#### Prompt
Write out all of the data without omission, exactly as shown.

#### Material provided
---*---
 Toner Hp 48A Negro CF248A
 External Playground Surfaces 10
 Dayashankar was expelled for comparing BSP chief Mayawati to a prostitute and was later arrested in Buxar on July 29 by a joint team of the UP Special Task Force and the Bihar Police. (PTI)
---*---
#### Answer section
 Toner Hp 48A Negro CF248A
 External Playground Surfaces 10
 Dayashankar was expelled for comparing BSP chief Mayawati to a prostitute and was later arrested in Buxar on July 29 by a joint team of the UP Special Task Force and the Bihar Police. (PTI)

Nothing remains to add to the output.